An important figure in 1970s Ethiopian music sounded hyper-current in Coventry, proclaims Martin Longley.
Hailu Mergia
The Tin
August 6th
Even if you deem yourself an Ethiopian-orientated vinyl-digger, you might not have chanced upon keyboardist Hailu Mergia’s works. Last year’s reissue of 1977’s Tche Belew, and the previous 1985 cassette revival release on the Awesome Tapes From Africa label increased the chances, though. He was a member of the Walias Band during his 1970s heyday, but this Coventry gig was certainly not any kind of retro re-awakening of that repertoire or sound.
Well, possibly the repertoire, although with Mergia’s trio partners of bassist Mike Majkowski and drummer Pawel Szpura, both of them arriving from a free jazz (or free rock) background, there was a definite thrust towards a violent modernisation.
Megia made his name in Addis Ababa, but jumped ship to Washington DC in 1981. It sounds like he spends a lot of time attending out-there jazz gigs, as this new trio flexes right at the edge of a hardened stylistic approach that’s very much an updating of his Ethiopian roots, surging with an avant-fusion aggression, pulsating with angular funk grooves, ramming with a totally unexpected attention to fractured instrumental textures.
The melodic heart of Ethiopian music still beats within, but Mergia is no nostalgically complacent revivalist. With the assistance of his partners, he’s sitting right here in the present moment. Given his age and avuncular appearance, this came as quite a shock.
Mergia moved from electric piano to accordion, investing the tunes with varying degrees of eerie atmosphere, but also flooding out crackling bursts of freethiopian jazz, Majkowski and Szpura adding a breathtakingly tight spring-funk propulsion, keeping the time free, perpetually soloing and engaging in a running battle with their leader, to decide who was going to push the music further, faster and higher.
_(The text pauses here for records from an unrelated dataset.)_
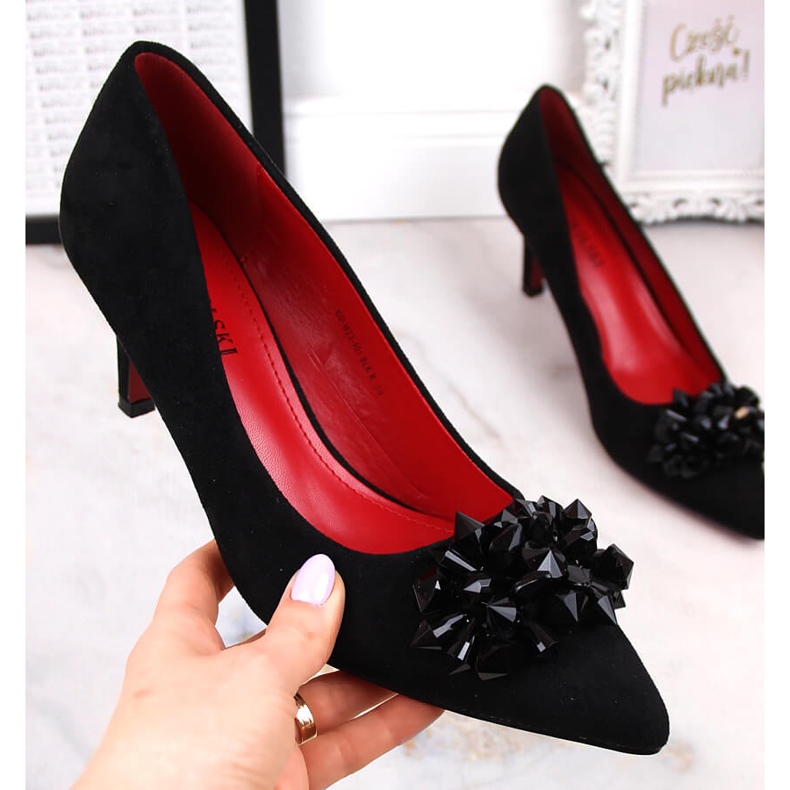 Dámské semišové lodičky s korálky T.Sokolski W23-401 černá 1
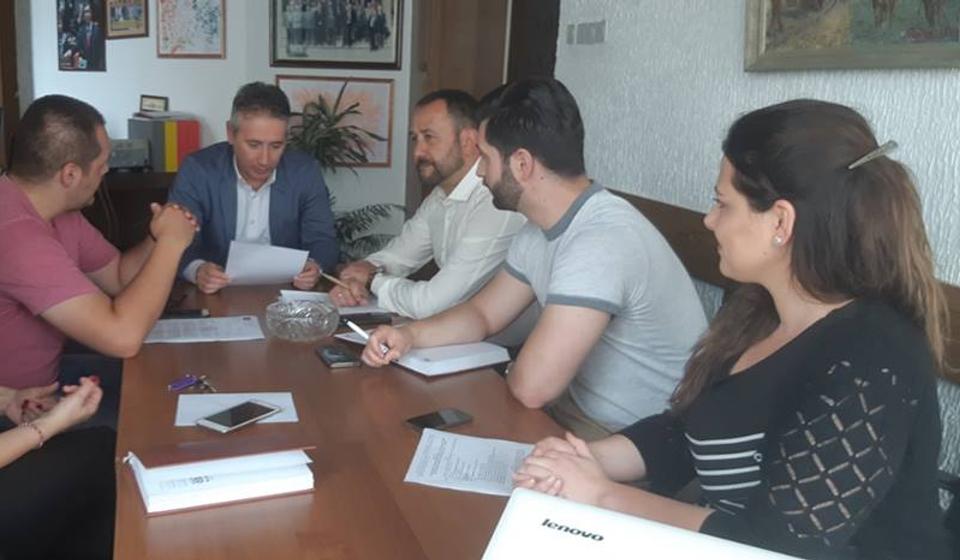 Poslednji dogovori pred premijerni festival. Foto Grad Vranje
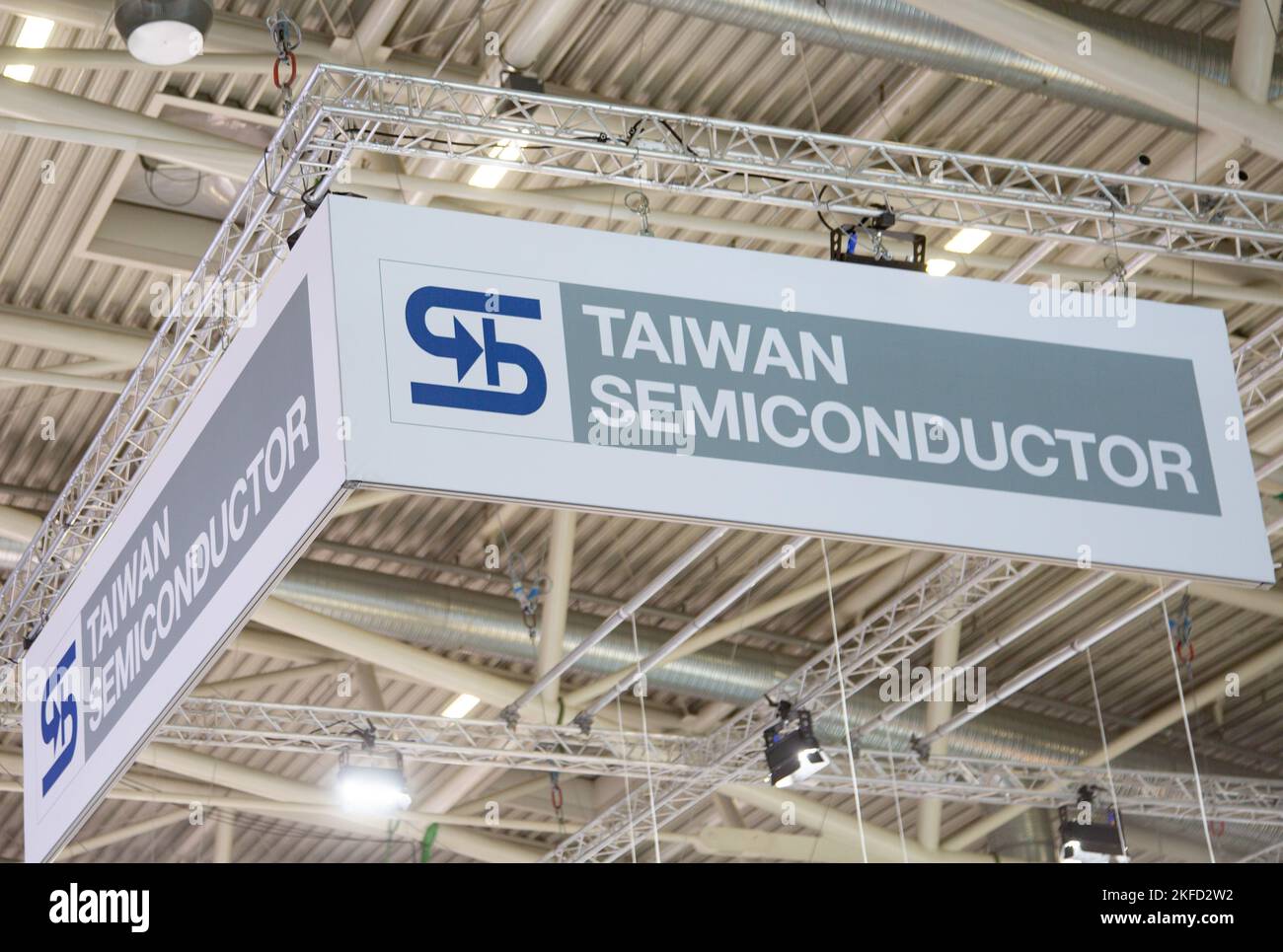 München, Deutschland. 17.. November 2022. Taiwan Semiconductor bei der Electronica/Semicon Europa Messe, der Weltleitmesse und Konferenz der Elektronik, in München. -- Taiwan Semiconductor auf der Electronica/Semicon Europe, der weltweit führenden Fachmesse und Konferenz für Elektronik, in München, Deutschland. (Foto: Alexander Pohl/Sipa USA) Quelle: SIPA USA/Alamy Live News Stockfoto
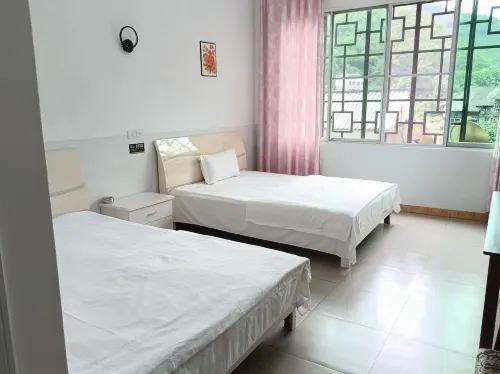 Zhuxiang Hotel (Chishui Bing'an Ancient Town Xinjie Branch)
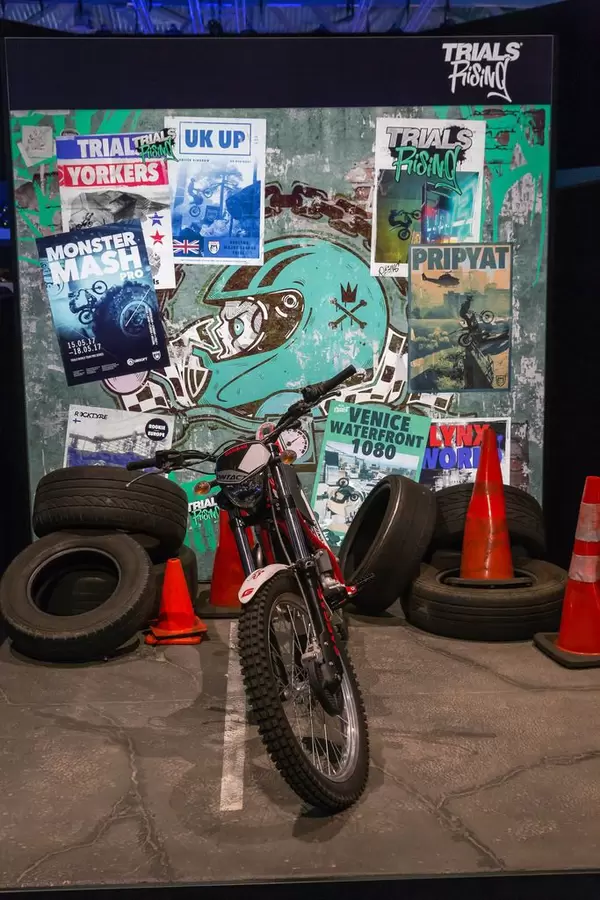 MotoCross Motorrad und alte Reifen auf dem Messestand von Trials Rising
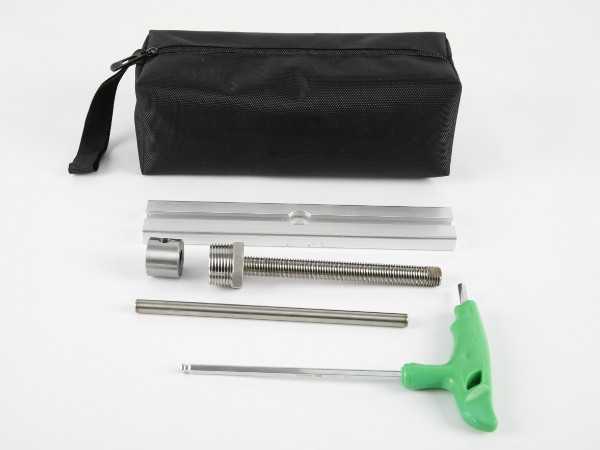 A set of end cap extractor for 8 inch membrane housing.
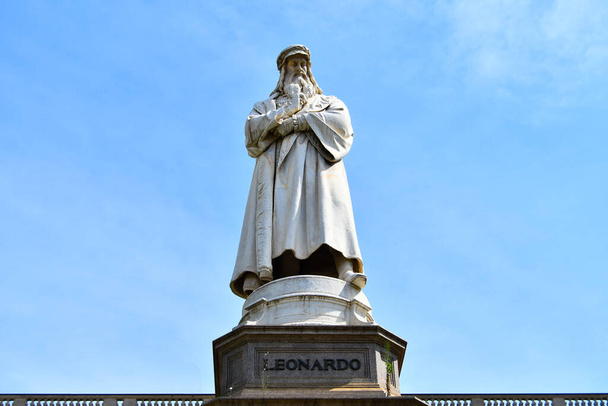 Statue aus weißem Marmor des berühmtesten italienischen Erfinders im blauen Himmel - Foto, Bild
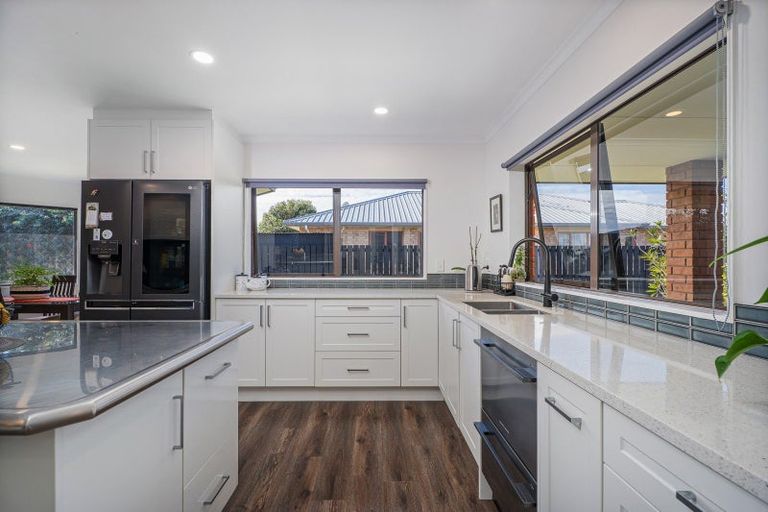 Photo of property in 51 Cholmondeley Crescent, Whitianga, 3510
The innate, old school Ethiopian qualities came through more strongly on the occasions when Mergia started singing. Otherwise, this was an inspired manifestation of fusion, revealing the positive powers of the form.
Venue main man Richard Guy introduced the band, personally moved aside some tables to create a dance space, and encouraged movement in the audience, but surely creating steps to match this music would have been a major challenge, and the floor remained mysteriously empty. The dancing was all in our heads!